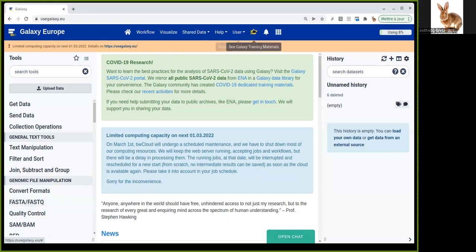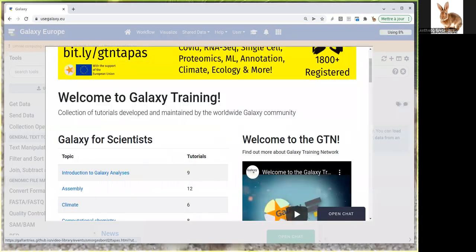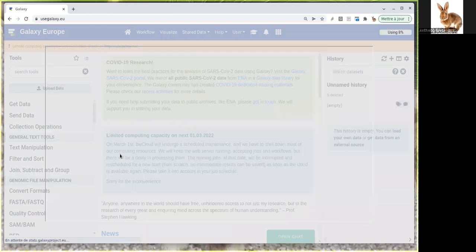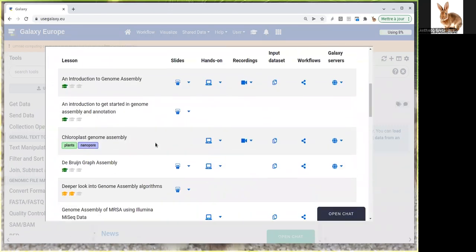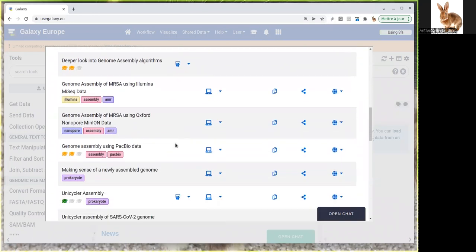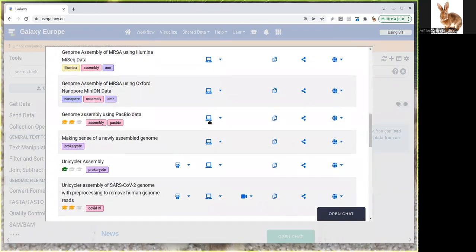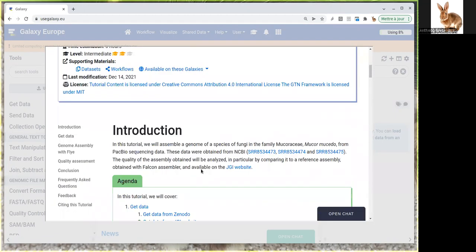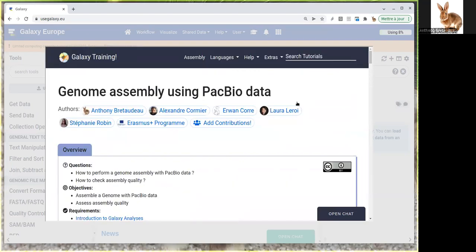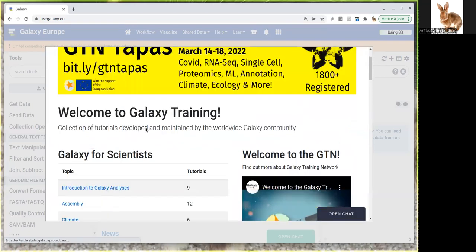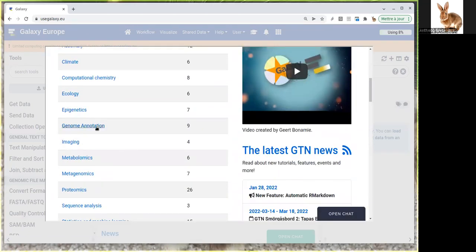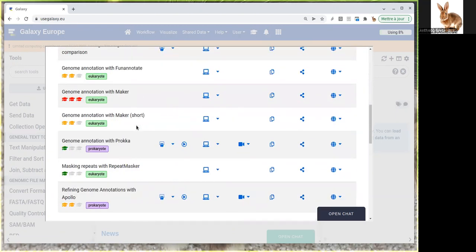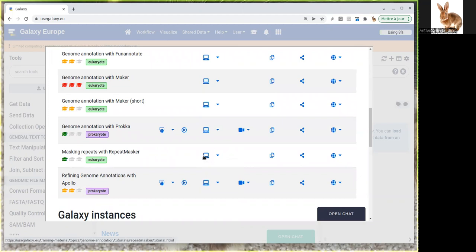I can show you here. If you follow this tutorial, you'll get an assembly of these species. After that, you can follow the repeat masking tutorial in the genome annotation section, which is here: masking repeats with RepeatMasker.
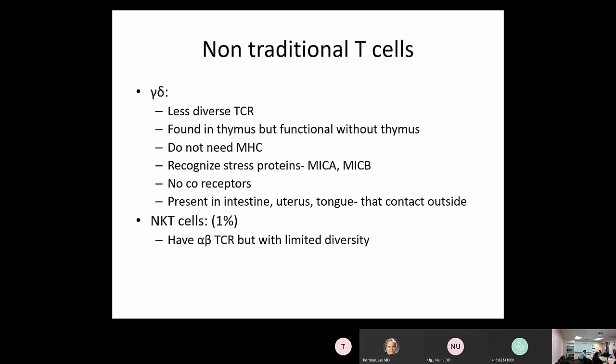There are non-traditional T cells: gamma-delta T cells, which have less diverse TCR. These are found in the thymus but can function without it. They do not need MHC for presentation and recognize stress proteins like MICA or MICB. Non-traditional T cells do not have coreceptors and are most prominently found where the body contacts the outside — oral cavity, intestine, uterus, respiratory, GI, and GU tracts.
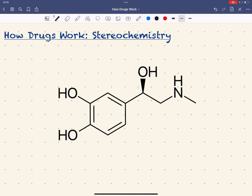Welcome to the fifth and final instalment of the How Drugs Work sessions, looking at stereochemistry. Stereochemistry is obviously very important when we're looking at drug molecules because the drug targets are stereospecific. Enzymes and receptors are stereospecific — they're very sensitive to the arrangement in space of the groups and atoms in the molecule.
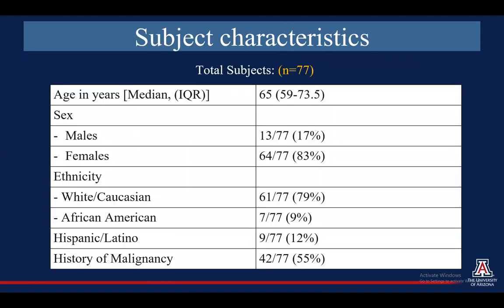For our subject characteristics, we had 77 patients. As expected, HFI is much more common in females, so about 83% of our patients were female.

Required work:
What you produce must match the listing word for word, with no images in it.

Solution to the exercise:
I can show you here. If you follow this tutorial, you'll get an assembly of these species. After that, you can follow the repeat masking tutorial in the genome annotation section, which is here: masking repeats with RepeatMasker.
There are non-traditional T cells: gamma-delta T cells, which have less diverse TCR. These are found in the thymus but can function without it. They do not need MHC for presentation and recognize stress proteins like MICA or MICB. Non-traditional T cells do not have coreceptors and are most prominently found where the body contacts the outside — oral cavity, intestine, uterus, respiratory, GI, and GU tracts.
Welcome to the fifth and final instalment of the How Drugs Work sessions, looking at stereochemistry. Stereochemistry is obviously very important when we're looking at drug molecules because the drug targets are stereospecific. Enzymes and receptors are stereospecific — they're very sensitive to the arrangement in space of the groups and atoms in the molecule.
For our subject characteristics, we had 77 patients. As expected, HFI is much more common in females, so about 83% of our patients were female.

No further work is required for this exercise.